Required work >> Only the line with "is the constitution written on hemp" and the lines after it, through the end of the material, belong in the answer; repeat them exactly.

Data provided >>
+ + + +

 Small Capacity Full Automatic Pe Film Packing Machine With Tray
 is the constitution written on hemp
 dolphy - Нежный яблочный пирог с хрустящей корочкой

+ + + +

Exercise answer >>
 is the constitution written on hemp
 dolphy - Нежный яблочный пирог с хрустящей корочкой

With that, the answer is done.